▶ **About this exercise**
Restate word for word the lines below from the one that has "40pcs Felt Fabric" through the one that has "Cartons Réponse Faux", keeping both and dropping all pictures.

▶ **Extracted records**
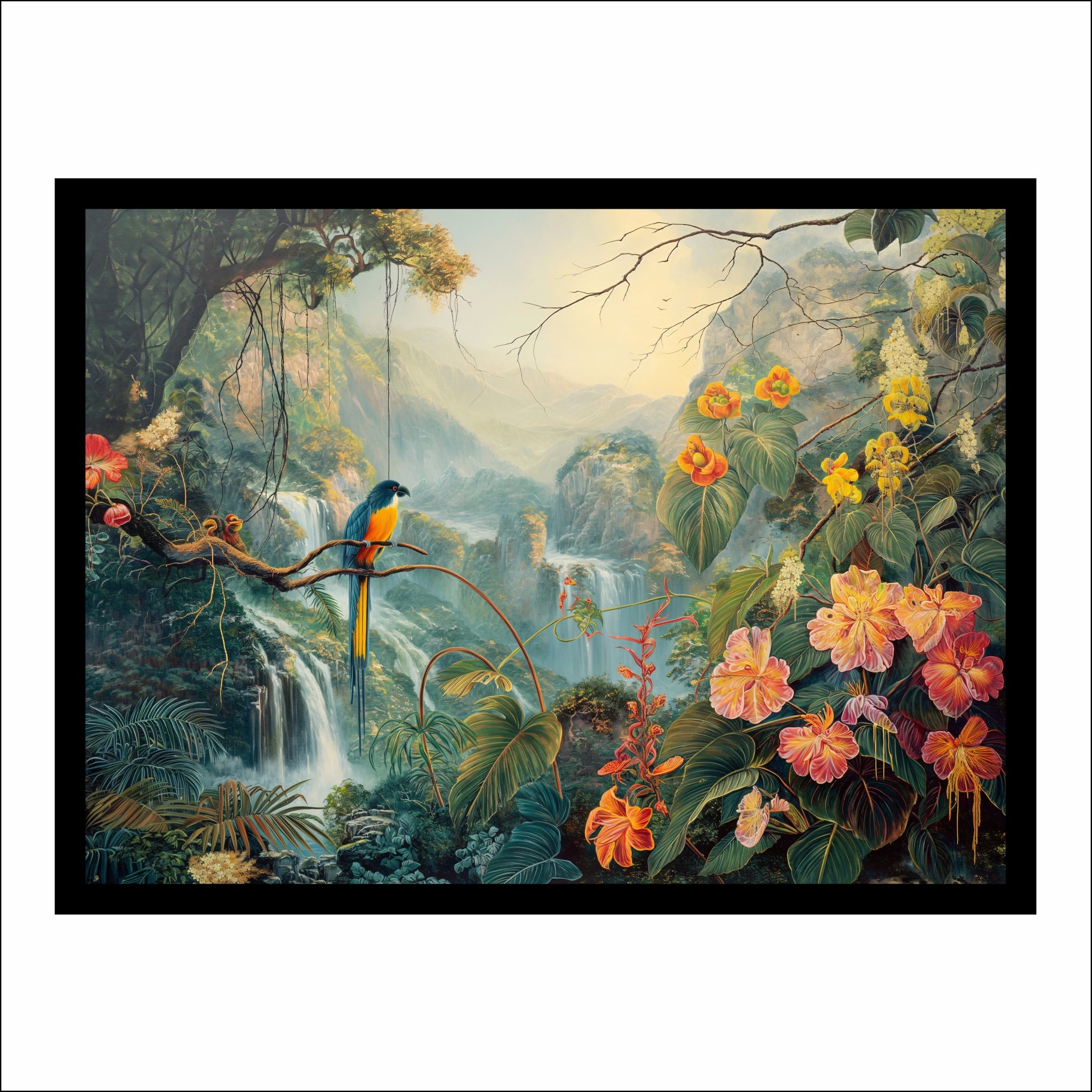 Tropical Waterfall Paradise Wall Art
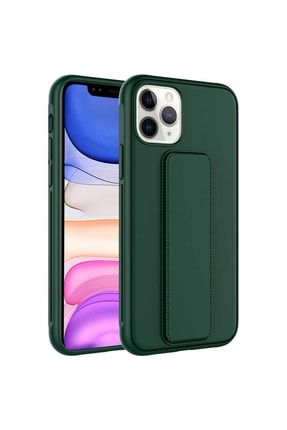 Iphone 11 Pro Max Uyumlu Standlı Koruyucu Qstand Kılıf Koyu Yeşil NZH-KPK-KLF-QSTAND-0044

==

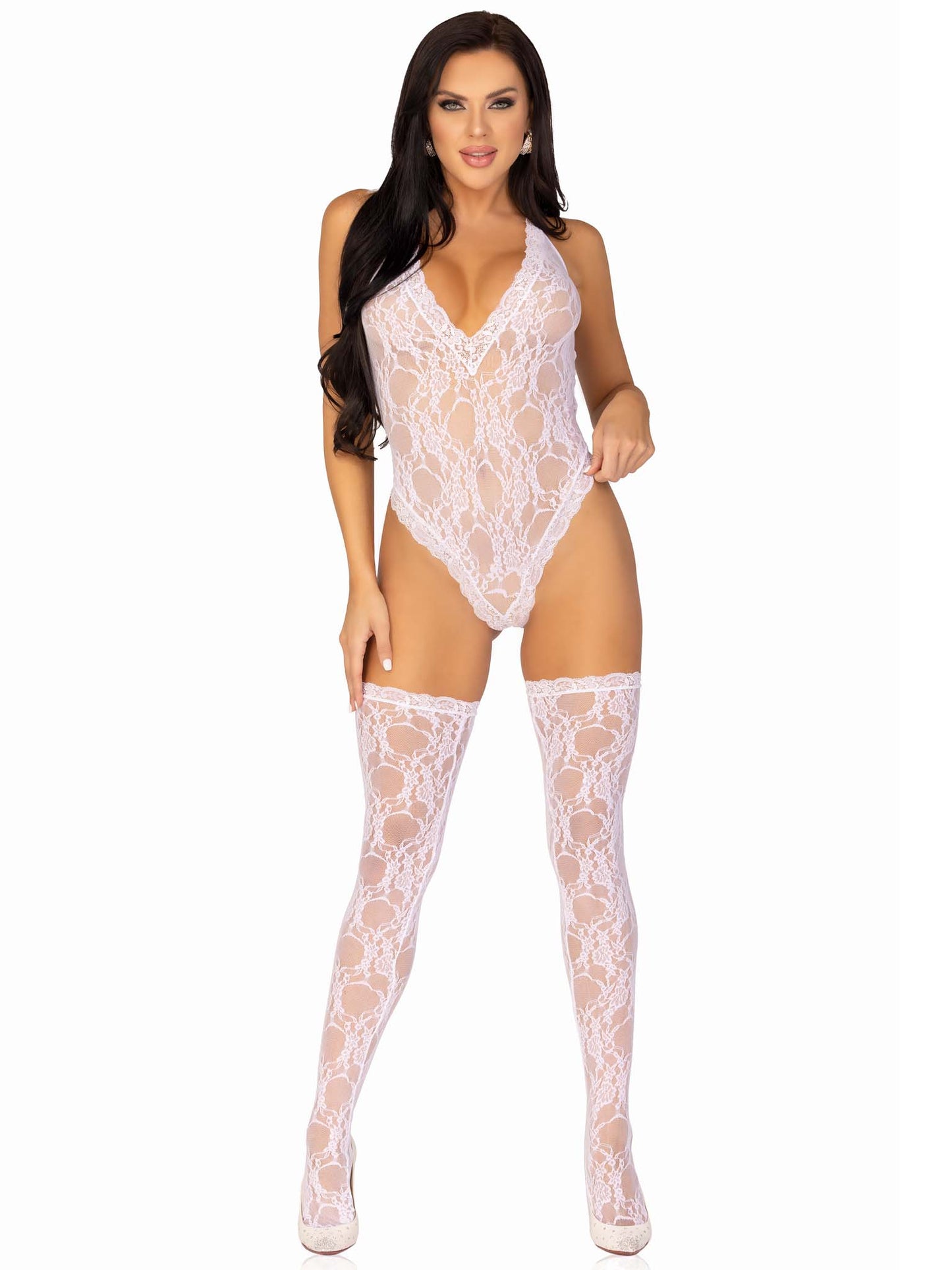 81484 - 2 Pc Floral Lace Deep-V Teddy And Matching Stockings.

--

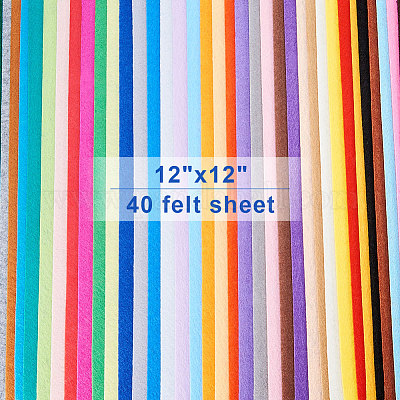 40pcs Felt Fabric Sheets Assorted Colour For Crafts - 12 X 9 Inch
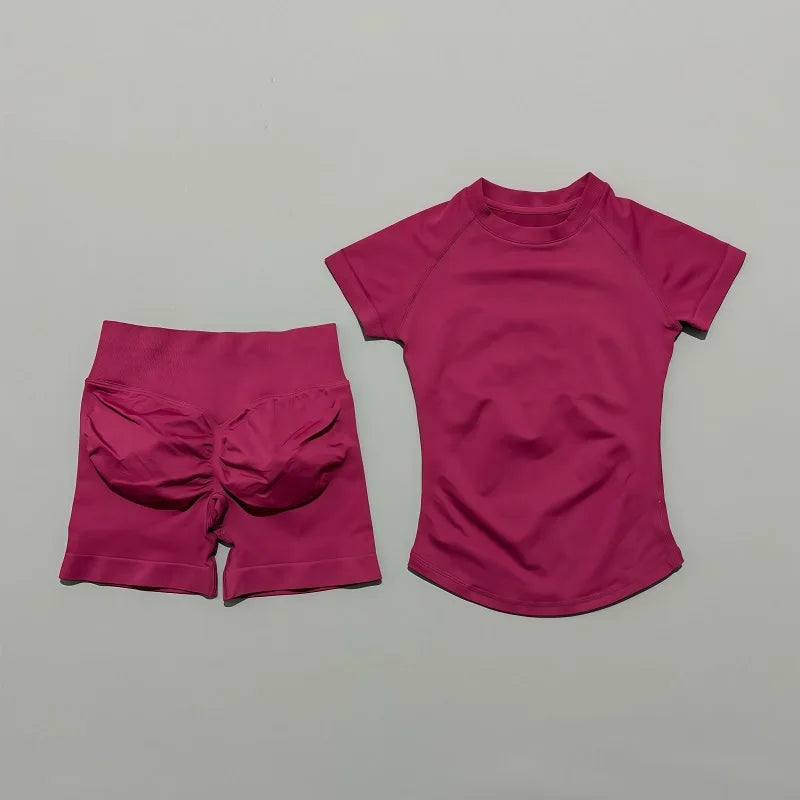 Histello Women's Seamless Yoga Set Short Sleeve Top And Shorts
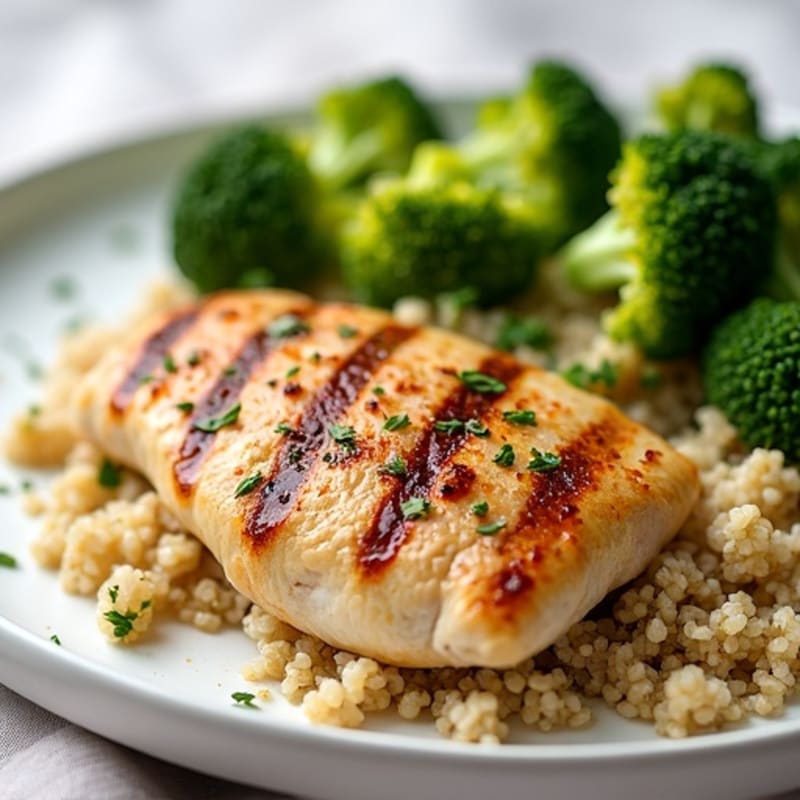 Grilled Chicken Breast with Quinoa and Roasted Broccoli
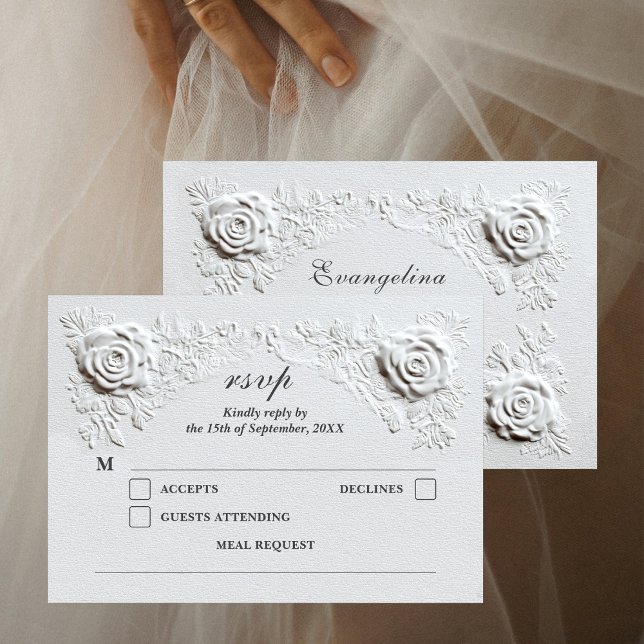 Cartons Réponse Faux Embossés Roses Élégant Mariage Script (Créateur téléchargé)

▶ **Result of this exercise**
 40pcs Felt Fabric Sheets Assorted Colour For Crafts - 12 X 9 Inch
 Histello Women's Seamless Yoga Set Short Sleeve Top And Shorts
 Grilled Chicken Breast with Quinoa and Roasted Broccoli
 Cartons Réponse Faux Embossés Roses Élégant Mariage Script (Créateur téléchargé)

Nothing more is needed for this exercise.